On the other hand I see something like this:
Start-Up Screen Printing Equipment Packages with the Trooper Press

I understand that this may not even be the best equipment out right now (honestly I don't know) but even if it is close, it is out of budget. Would take me quite a while to afford this setup. How many shirts per hour could this pump out?


Is it worth buying equipment in stages, upgrading as I go, or just waiting until the funds are available and buy the best?

Thanks in advance.


----------



## utero (Jun 9, 2007)

Really depends on what you're printing and your skill level. With manual screen printing don't expect to be knocking prints out at express speed right outta the box. It's an artform and takes time and practice to learn.

So I guess it depends how much you're outsourcing. Do a costing and see what you could save by doing it yourself rather than outsourcing and then find the best possible kit for your budget from someone who can help you with support and guide you through the pitfalls.


----------



## hoxie (Nov 3, 2012)

I have a very similar business model and background to you. I started my business about 4 years ago, using a contract printer with me being the middle man. This allowed me to run a business, make a profit and save to buy equipment down the road.

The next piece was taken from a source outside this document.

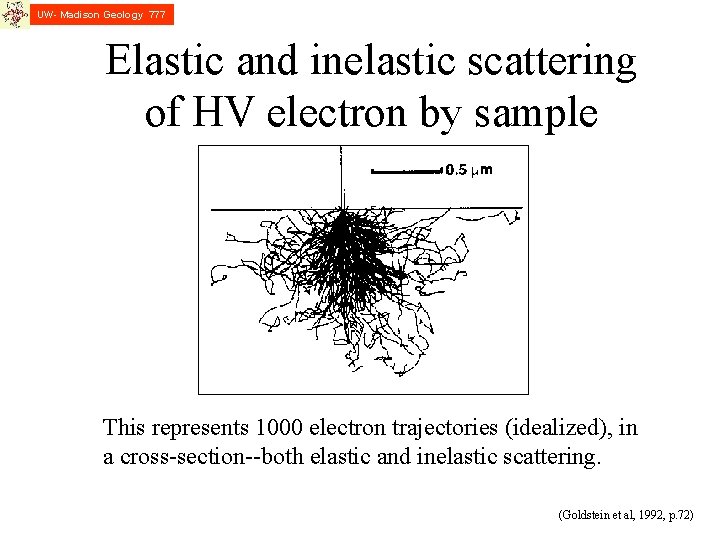UW- Madison Geology 777 Elastic and inelastic scattering of HV electron by sample This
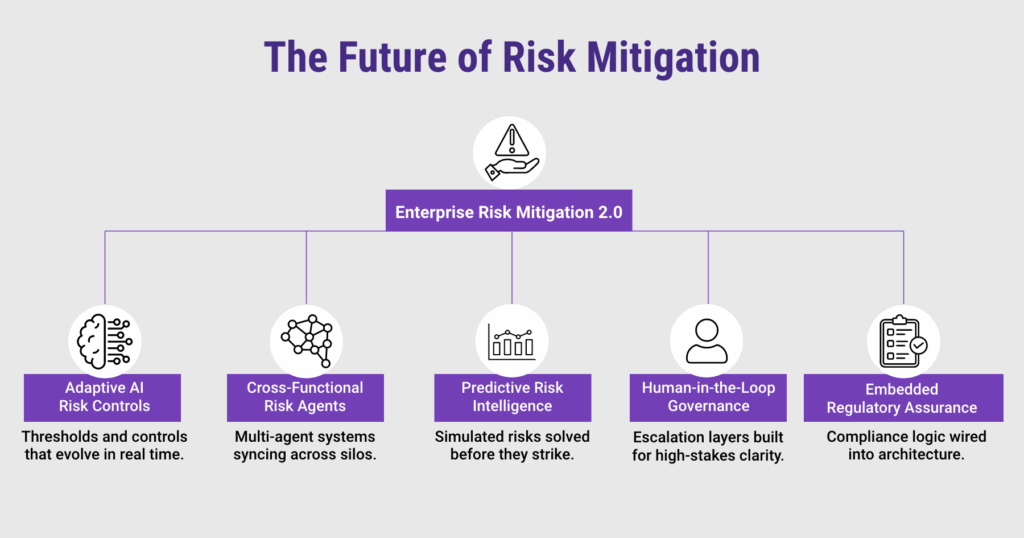 Risk Mitigation_Glossary_Fulcrum-Digital_The future of Risk Mitigation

I began taking screen printing classes at night at the local community college, which really helped see if pulling screens was something that I enjoyed and wanted to do. There is a learning curve, its not as easy as making a screen and pulling a squeegee, so you need to recognize that going in and become educated. It WILL take time to learn, it will be messy. 

Next, you need to look at your business and see what kind of orders you are getting, and if there is profit to be made compared to outsourcing. Also do you want to spend your time making shirts rather than growing the business? Can you do both at the same time? Time spent making shirts means less time selling. If your business is like mine, 75% of your orders are 1 or 2 color, and you can get a set up to do these fairly inexpensively, especially if you check the classified section on this forum often. Decide on a budget that you can afford and stick to it. There are a lot of really great options for doing 1 or 2 color shirts but remember BUY NICE OR BUY TWICE. While it may seem appealing to buy an cheap press off of Ebay you're going to be pulling your hair out struggling with registration issues and not getting good prints. Research and spend your money wisely. Listen to reviews on here and what other printers have said. 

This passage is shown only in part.